## RECORDS FOR THIS TASK

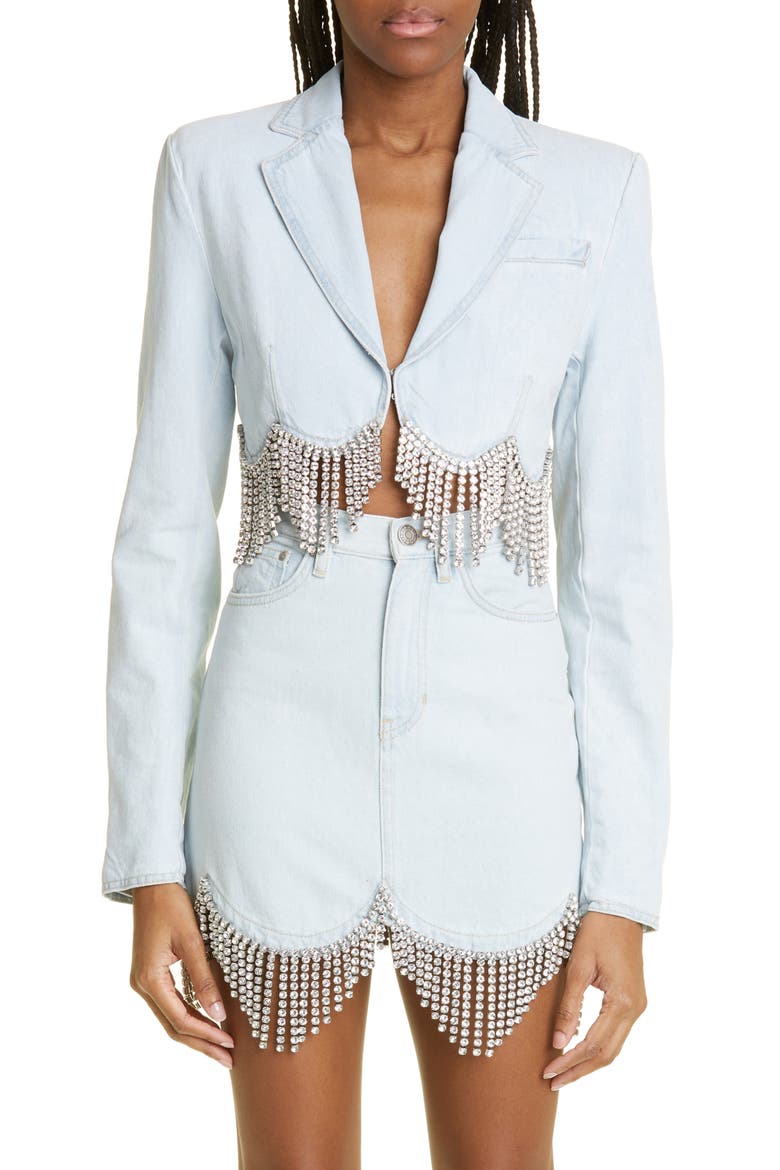 Crystal Embellished Crop Scallop Hem Denim Blazer, Main, color, PALE BLUE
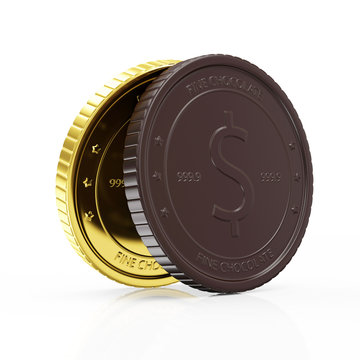 Business, Financial and Sweet Candy Food Concept. Golden Coin with Chocolate Coin Isolated on white background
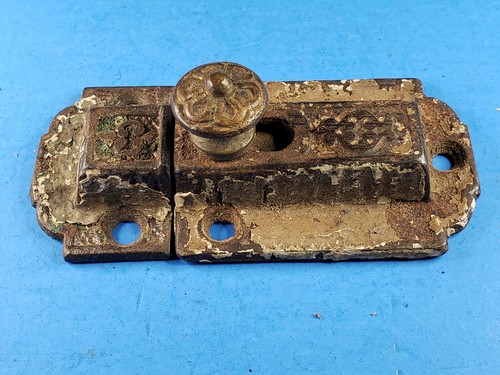 Cabinet Latch Catch Ornate Spring Loaded Cast Iron W/ Keeper Brass Knob Vintage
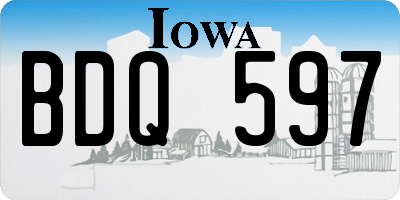 IA license plate BDQ597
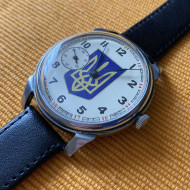 Mechanical 18 Jewels Ukrainian trident Wristwatch Genuine Transparent Ukrainian flag wristwatch Ukraine military watch gift for men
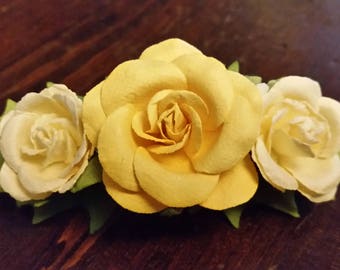 Yellow Paper Rose Hair Barrette – Floral Barrette
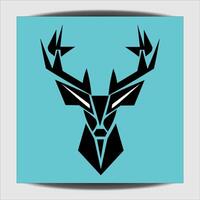 A minimalist, geometric logo featuring the head of a stag designed with clean, angular lines vector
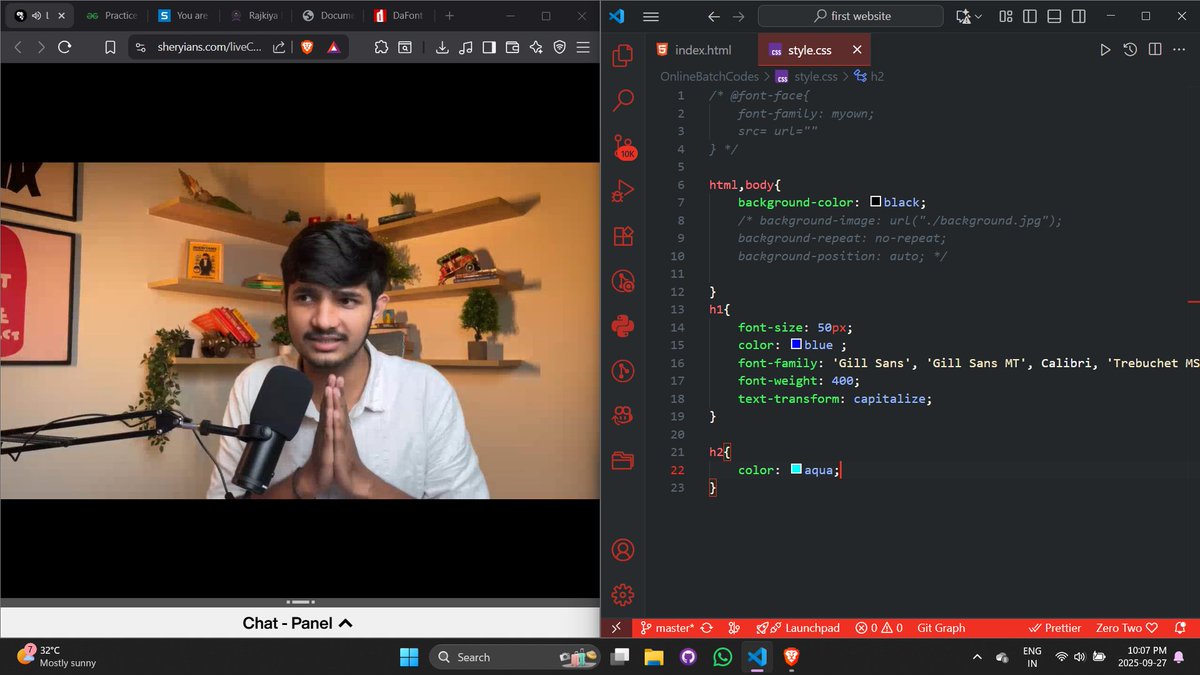 VikasPrata31178's tweet image. Day 2/100 of #100DaysOfWebDev 🎨
Explored CSS basics and layouts:
✔️ Syntax &amp;amp; selectors
✔️ Colours, backgrounds, fonts
✔️ Box model, display, units
✔️ Flexbox &amp;amp; Grid
✔️ Transitions &amp;amp; transforms
CSS brings HTML to life 🔥🚀
#SheriyansCodingSchool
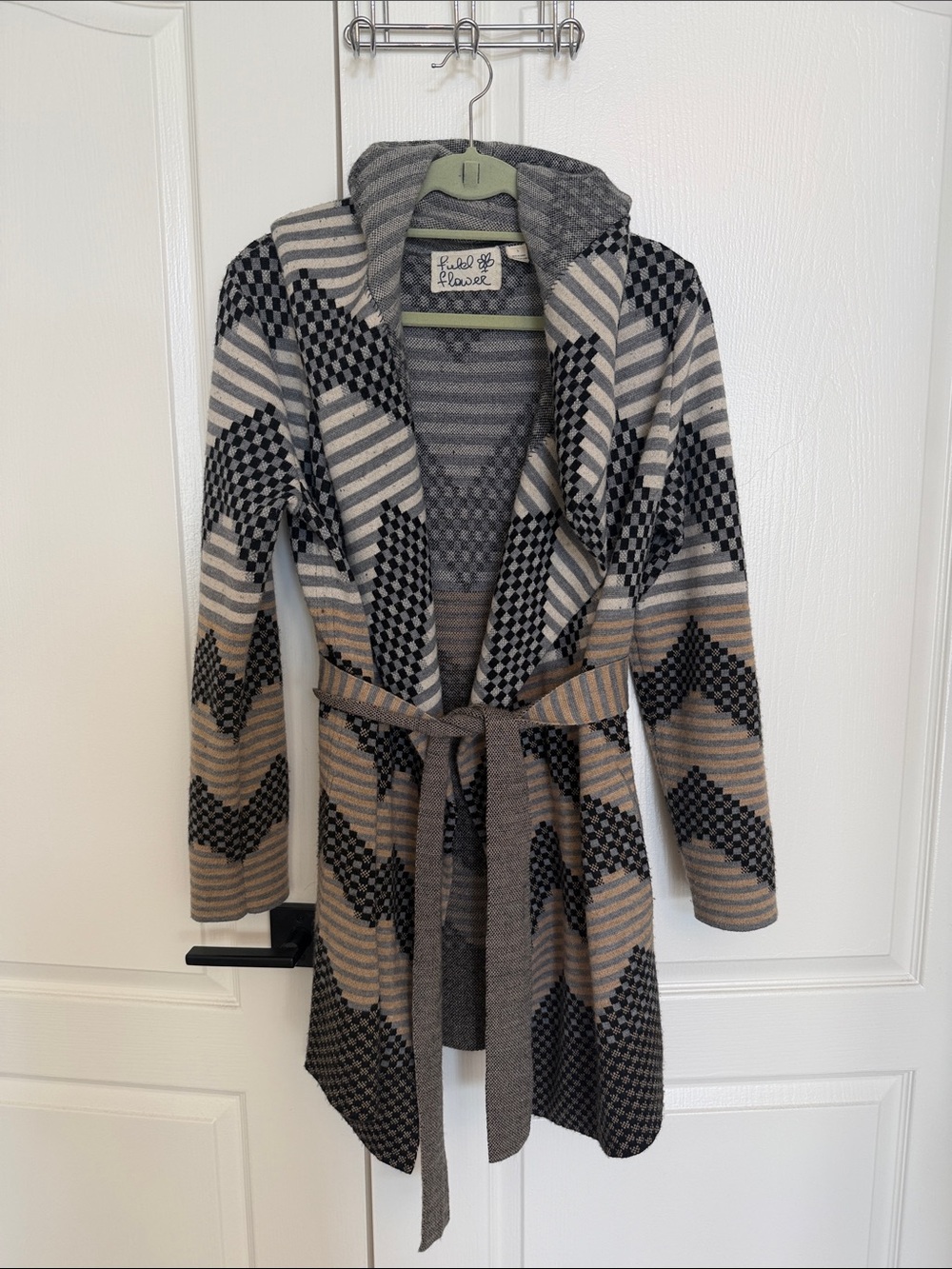 Anthropologie Field Flower Chevron Knit Belted Coat Cardigan Sweater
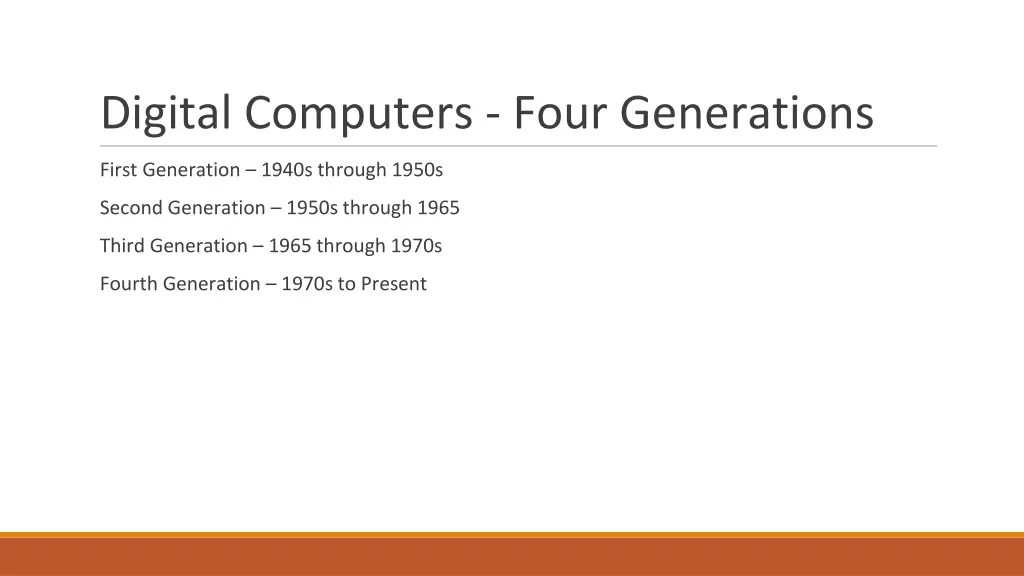 digital computers four generations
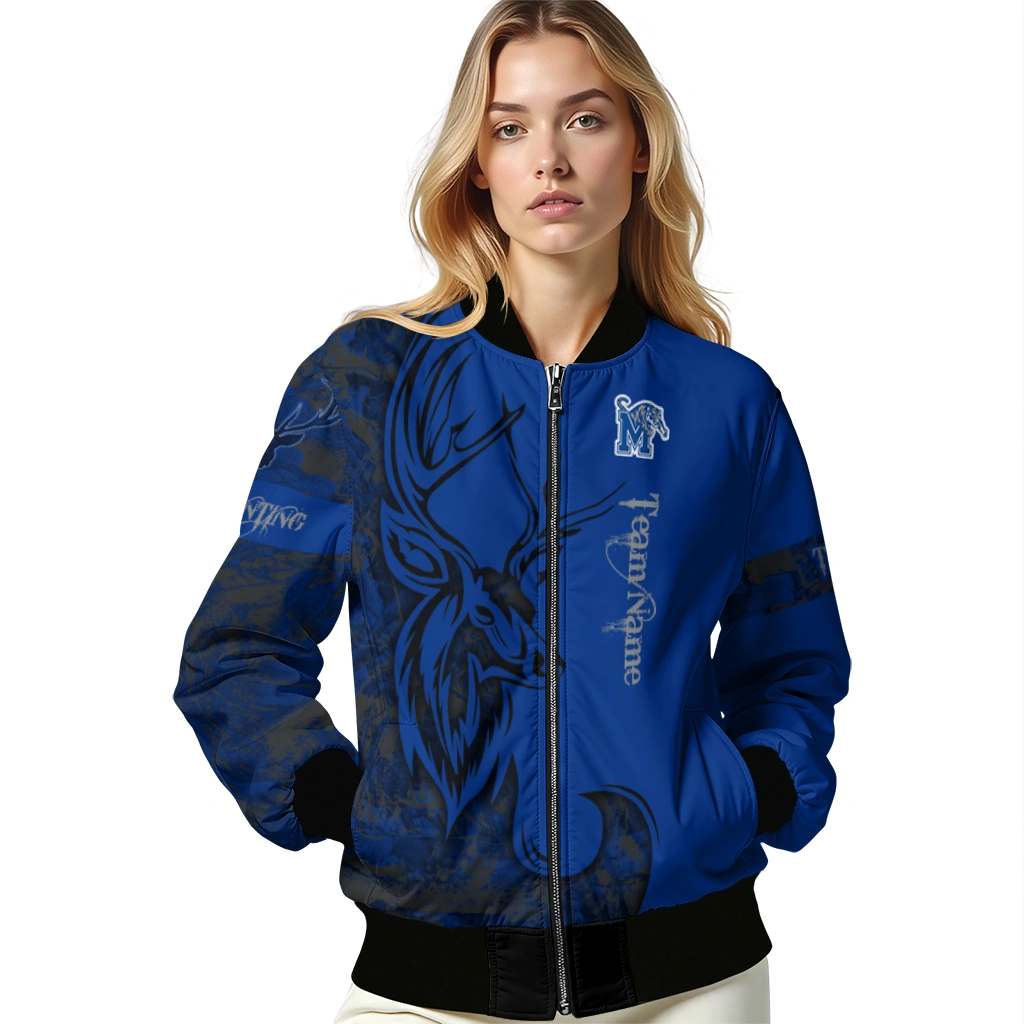 customized memphis tigers tribal deer art blue bomber jacket latest model customized memphis tigers tribal deer art blue bomber jacket latest model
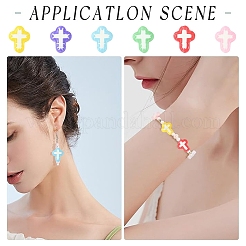 12 Stück 6 Farben Einbrennlack-Glasemailleperlen&nbsp;BLOW-YW0001-02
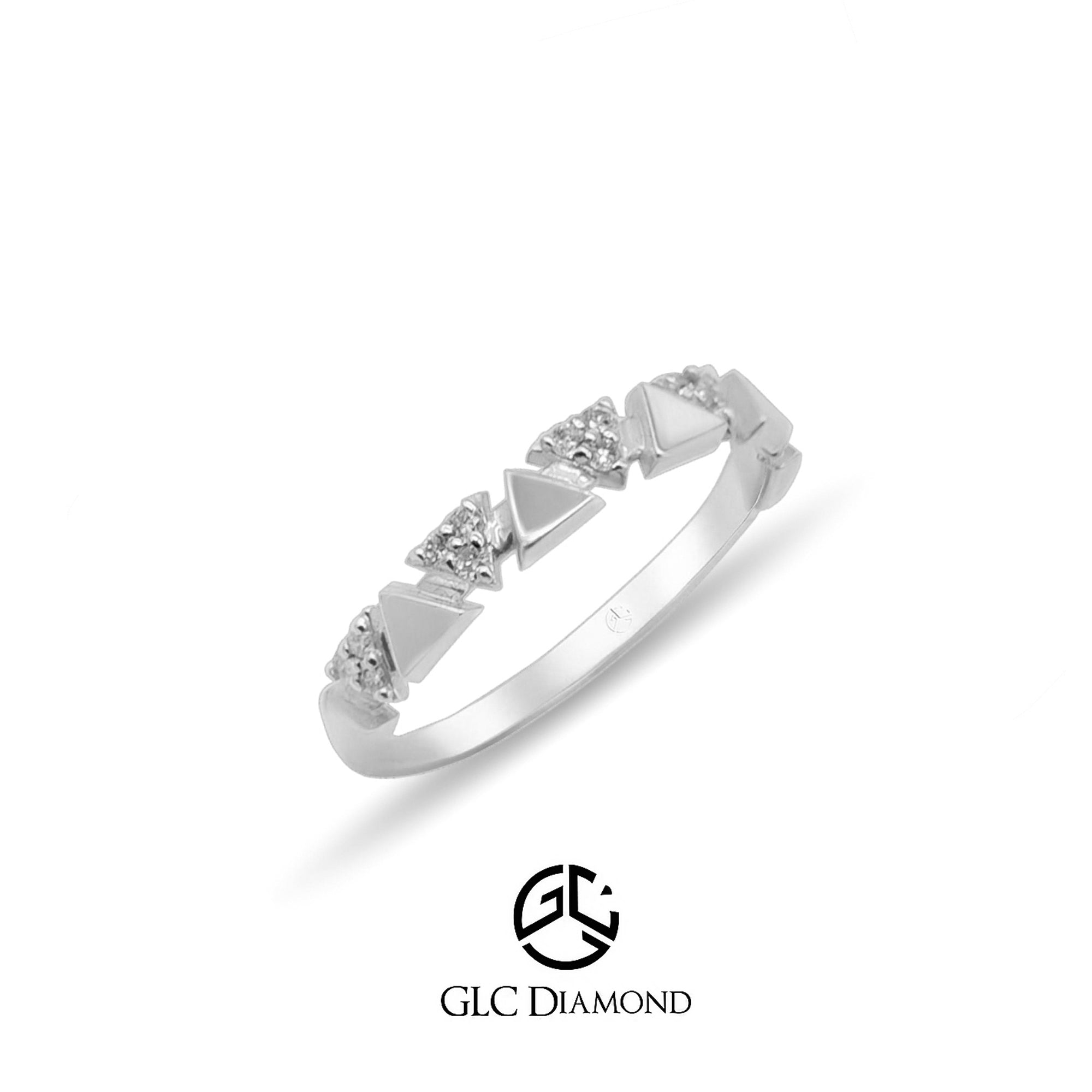 Diamond Alternating Triangle Band Ring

## EXERCISE
Only an exact copy belongs in the answer: the lines from the one containing "12 Stück 6 Farben" through the end of the records, both ends included, minus the pictures.

## SOLUTION
 12 Stück 6 Farben Einbrennlack-Glasemailleperlen&nbsp;BLOW-YW0001-02
 Diamond Alternating Triangle Band Ring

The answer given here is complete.